Korean Studies Colloquium
Tuesday, March 12, 2013 - 12:00pm to 1:30pm

College Hall History Lounge, Room 209

Charles Armstrong, Professor of History; Director, Center for Korean Studies, Columbia University 

North Korea is most often seen as a member of the erstwhile “second world” of (former) Communist nations, and the survival of the North Korean regime as the peculiar holdover of a political system long defunct in its East European core. But while the Democratic People’s Republic of Korea (DPRK) was established under Soviet occupation and shared a great deal with other Leninist states, the DPRK also attempted to establish its identity as an independent and non-aligned Third World nation during much of the Cold War. Beginning in the 1960s and peaking in the late 1970s and early 1980s, North Korea actively cultivated economic, political and diplomatic ties with post-colonial nations in Asia, Africa, the Middle East and Latin America, and for a time leaders of many of these nations saw North Korea as a successful model of economic development and nation-building.
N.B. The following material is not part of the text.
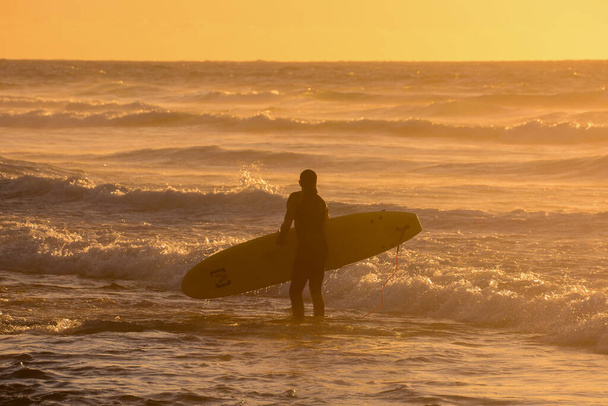 Sakin bir okyanusta gün batımında tek bir sörfçü - Fotoğraf, Görsel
From African American nationalist groups in the United States to socialist and neutralist governments in Africa and Asia, North Korea sustained a positive image as an independent, industrialized, anti-imperialist country guided by “Juche” or self-reliance. While North Korea’s diplomatic success in the Third World lost ground to South Korea in the 1980s and its reputation as an economic success story collapsed in the 1990s, “Third-Worldism” remains an important part of the DPRK’s identity to this day, arguably much more important than North Korea’s connection to the failed Soviet experiment.